Elle commençait à paniquer. Une boule de stress se créa dans son ventre et elle avait du mal à respirer.

« C'est trop tôt ».

Eil ne s'était pas du tout préparée à cette annonce. Elle se sentait comme une grenade, prête à exploser. Tor-pen soupira exagérément.

-Trede... Tu as encore beaucoup de choses confidentielles à divulguer ? Il s'agissait d'une information secret défense !

-Non, je n'ai plus rien à dire.

-Encore heureux !

-Ah si. Eil a dit qu'elle ne pouvait pas te saquer et Kentan t'a invité pour des raisons diplomatiques.

S'en était trop.

-Par les grands arbres, tais-toi Trede ! Cria Eil.

Les filles sursautèrent sauf la concernée qui se contenta de cligner les yeux comme si ça ne lui faisait ni chaud ni froid.

Eil se leva avec empressement, emportant la lettre avec elle. Elle quitta le jardin en claquant la porte. Son fiancé était là, entre ces murs, dans sa maison. Ce garçon qu'elle n'avait jamais vu, jamais rencontré. Et qu'elle allait épouser. Cet homme qui lui avait écrit, qui avait posé des mots sur du papier pour cette fille qu'il ne connaît pas, dont presque aucune information était disponible tant elle avait été mise à l'écart. Lui, cette personne avec qui elle devra un jour partager sa vie était peut-être au croisement de ce couloir. Ça lui donnait envie de vomir. Elle ressentait déjà le puissant désir de s'enfuir dehors entre les arbres. Visiblement la soirée dernière ne lui avait pas servi de leçon. Elle repensait à Feulst, le fiancé de Kentan, qui la frappait. À Rouanezh, la reine, avait promis de la protéger. Mais qui la protégerait elle quand elle sera partie vivre à l'autre bout du monde ? Loin de ces arbres qu'elle aimait tant et qu'elle ne pouvait effleurer que quelques heures par mois.

-Eil ! Attends-moi !

La cadette se retourna. Kentan courait vers elle, la mine pleine de regret.

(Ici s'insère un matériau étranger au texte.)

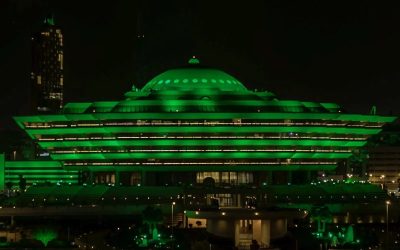 وزارة الداخلية تحتفي بيوم العلم السعودي في الرياض وتُنظم معرضًا بأبراج الساعة في مكة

-Je suis désolée. Je pensais que c'était une bonne idée. Dit-elle en lui désignant l'enveloppe. J'ai fait une erreur je te présente mes excuses les plus sincères.

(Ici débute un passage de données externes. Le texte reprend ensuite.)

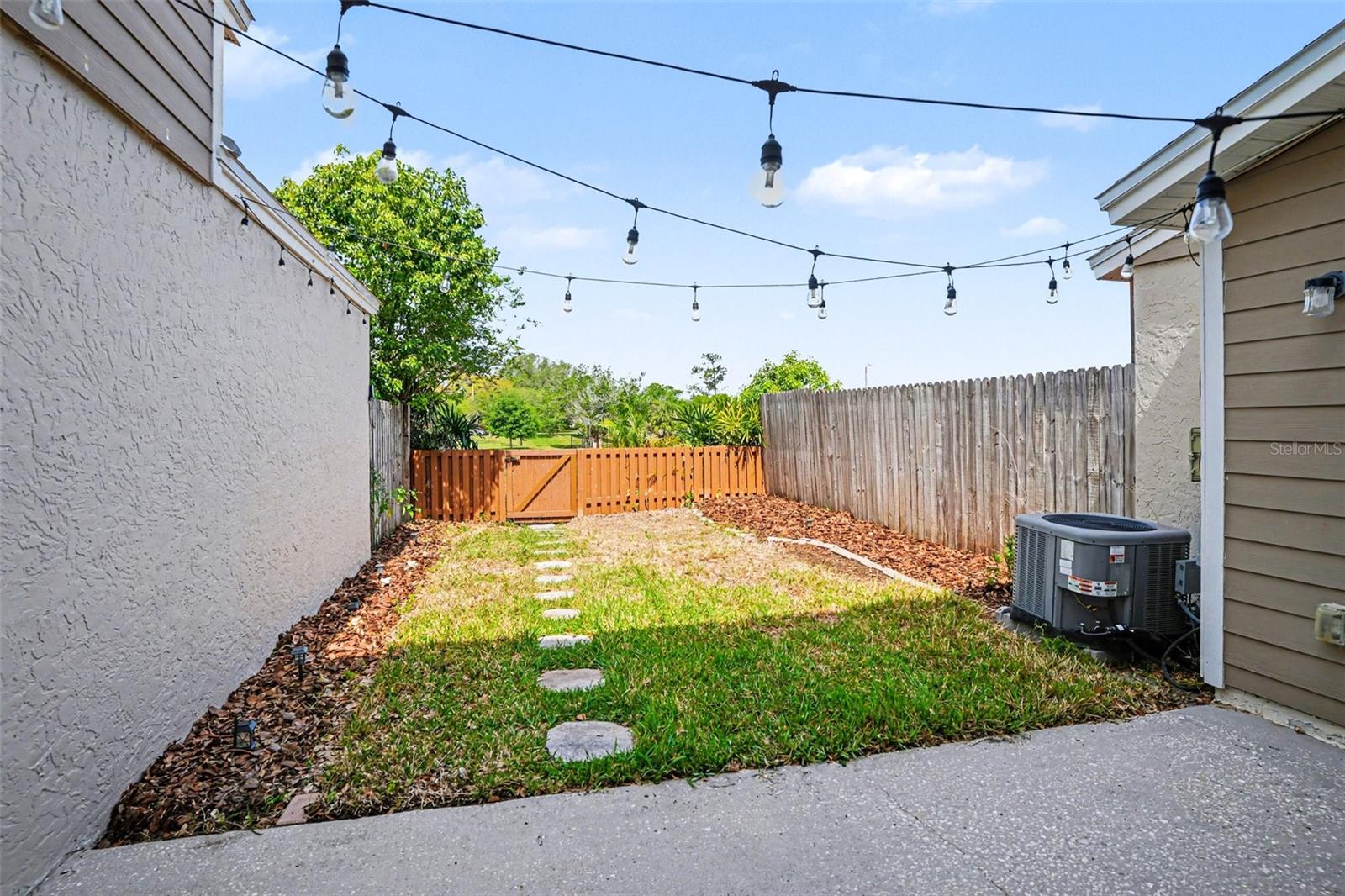 Image 20 of 26 For 14733 Pine Glen Circle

-C'était une bonne idée en soi. Ça aurait dû être amusant. Excuse-moi pour mon comportement. C'est le trop plein d'informations, ça m'a grillé le cerveau.

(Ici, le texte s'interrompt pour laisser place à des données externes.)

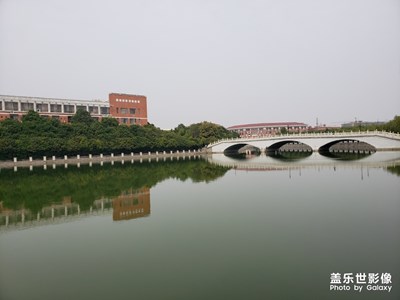 美丽的学校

Kentan la prit entre ses bras.

-Je sais qu'il s'agit pour toi d'une période difficile, je l'ai vécu moi aussi. J'essayais de dédramatiser un peu la situation pour toi. Je me disais que ça pourrait rendre ça excitant plutôt que le rendre comme un fardeau. J'ai entendu dire que c'était un garçon très gentil tu sais.

-Ce n'est pas de ta faute. Je suis désolée.

L'héritière caressa l'étrange chevelure rouge de sa sœur.

-Parfait l'incident est clos. Enfin presque. Quelqu'un d'autre attend tes excuses tu ne penses pas ?

-Trede ? Elle s'en fiche comme toujours. Ce que je lui ai dit ne l'a ni blessé, ni même égratigné son petit cœur.

-On ne peut pas en être sûr. Elle ressent forcement quelque chose. Mère était pareil quand elle était jeune et elle exprime bien mieux ses émotions maintenant.

-De la rage et du mépris, merci bien !

-Ça reste des émotions. C'est à nous de montrer à Trede le chemin. Nous sommes ses sœurs.

-Quand j'avais onze ans elle m'a cassée le bras pour avoir un bonbon.

-Elle était petite. Elle ne savait pas ce qu'elle faisait et elle s'est excusée pour ça.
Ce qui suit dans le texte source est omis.